Aus all dem ergibt sich, dass ein Gerichtsvollzieher versucht, mit psychologischen Mitteln durchzusetzen, was er mit Belegen und Nachweisen nicht erlangen kann, obendrein bei einer vulnerablen Person (ausländische Frau in einer ungewissen Situation) – indem er seinen Beamtenstatus ausnützt – um ihr maßlose Geldsummen abzuzwingen. Sie haben auch die Möglichkeit, weitere Umstände und Unterlagen, die beweisen, dass ich meine Miete immer beglichen habe, auf der Website www.traductionrochol.com einzusehen.

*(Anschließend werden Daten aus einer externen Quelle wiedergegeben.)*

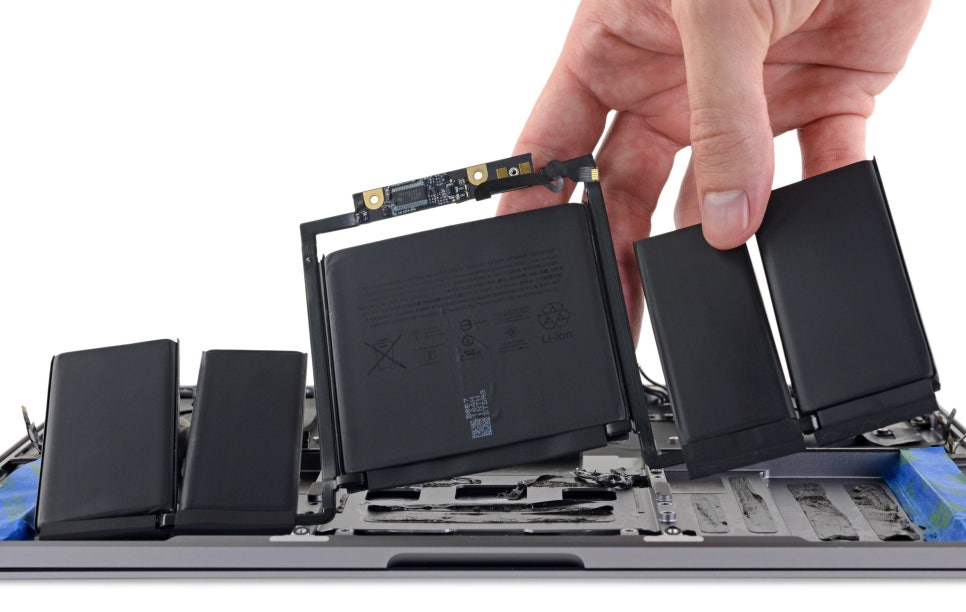 맥북프로 전원불량 원인과 해결 배터리교체 A1706 실제 수리 분석 - 맥북수리전문 코리아맥 이미지 2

Vorläufig lässt sich der entstandene Schaden folgendermaßen zusammenfassen: meine Eltern, die mir sehr helfen mussten, und ich sind natürlich hiervon schwer betroffen, zunächst in psychischer Hinsicht aufgrund des Terrors, der seit dem vorigen Jahr auf mich ausgeübt wurde, aber auch materiell: durch den enormen Zeitverlust und durch das Ausbleiben jeglichen nennenswerten Auftrags seit den vielfachen Aktionen von Herrn [...], der von meinen Vermietern und deren Anwalt (eine eigene Anzeige sie betreffend folgt in Kürze) bevollmächtigt war und der dazu beigetragen hat, mich in meiner Umgebung in Misskredit zu bringen. Seit Dezember des vorigen Jahres habe ich tatsächlich keinen Auftrag mehr bekommen, trotz eines Arbeitsvertrags, der erst im Juli 2010 endet.

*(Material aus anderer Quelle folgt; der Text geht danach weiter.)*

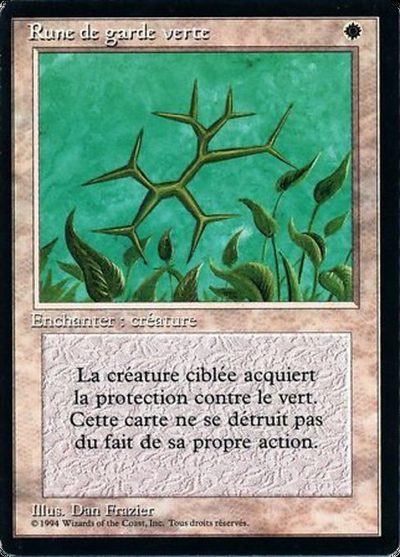 Green Ward - Foreign Black Border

Ich wäre Ihnen dankbar, wenn Sie mich von Ihren weiteren rechtlichen Schritten in dieser Sache in Kenntnis setzen möchten.

Hochachtungsvoll

(meine Unterschrift)


Anlagen: Ablichtungen des „Mietzahlungsbefehls“ vom 2.07.09 (8 Blatt),
meiner Antwort per E-Mail vom 5.07.09 (1 Bl.),
per Einschreiben vom 06.07.09 (2 Bl.),
der unter meiner Zimmertür hergeschobenen
„Besuchsbestätigungen“ vom 20.07.09 (3 Bl.),
vom 23.03.10 und
vom 26.03.10 (2×),
der Ladung zu einer Gerichtssitzung vom 15.03.10 (1 Bl.),
des „Zustellungsprotokolls“ vom 23.03.10 (4 Bl.),
des „Räumungsbefehls“ vom 26.03.10 (2 Bl.),
meiner Antwort per E-Mail vom 1.04.10
sowie des Belegs für mein Einschreiben vom 31.03.10 (1 Bl.).